■ WHAT YOU HAVE TO DO ■
Make an exact copy of the listing underneath, skipping each picture.

■ PROVIDED DATA ■

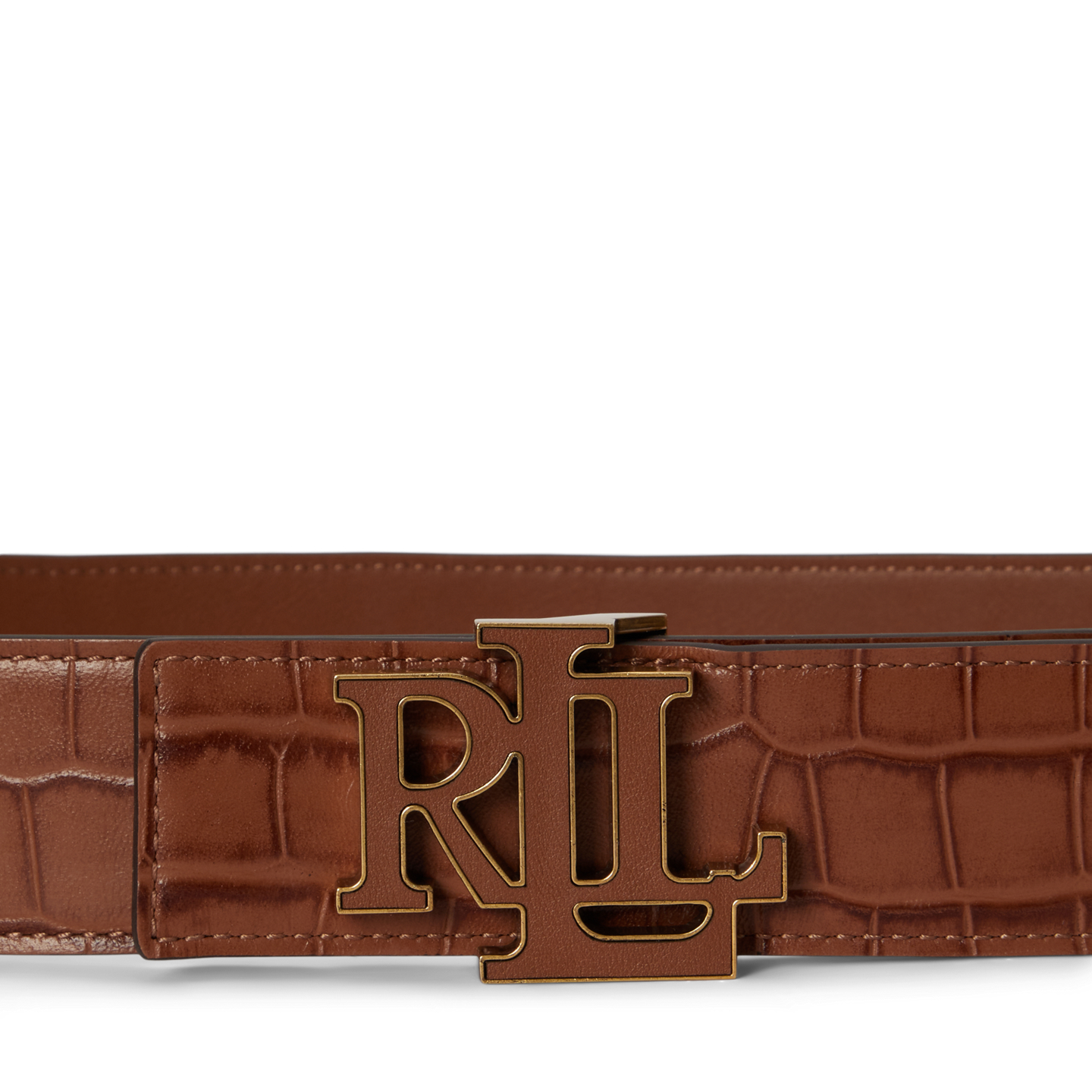 Женский ремень Ralph Lauren Logo Reversible Croc-Embossed Wide, цвет: Рыжевато-коричневый — фото 1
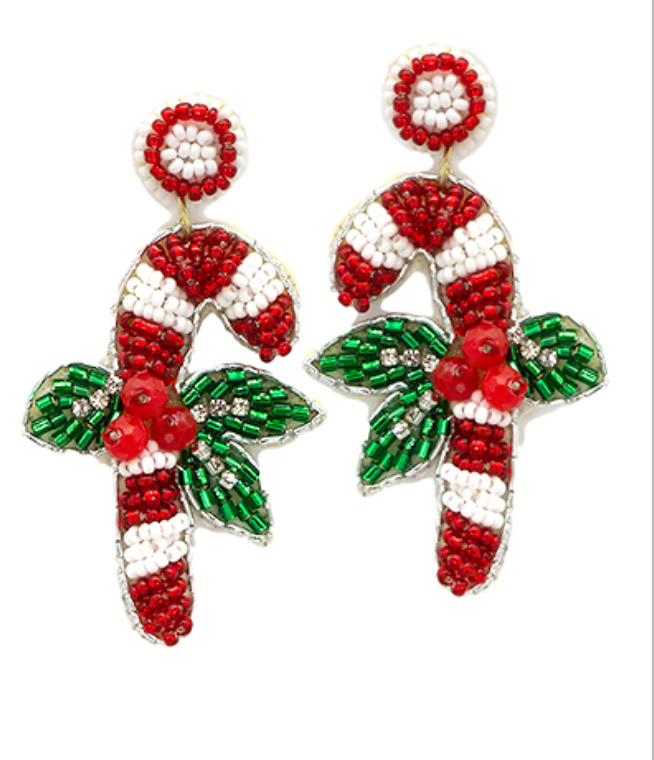 Candy Cane Beaded Holiday Earrings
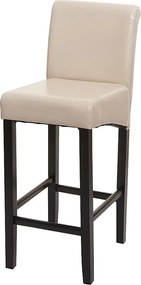 Stołek barowy MCW-C33,  kremowy, ciemne nogi, imitacja skóry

■ RESPONSE ■
 Женский ремень Ralph Lauren Logo Reversible Croc-Embossed Wide, цвет: Рыжевато-коричневый — фото 1
 Candy Cane Beaded Holiday Earrings
 Stołek barowy MCW-C33,  kremowy, ciemne nogi, imitacja skóry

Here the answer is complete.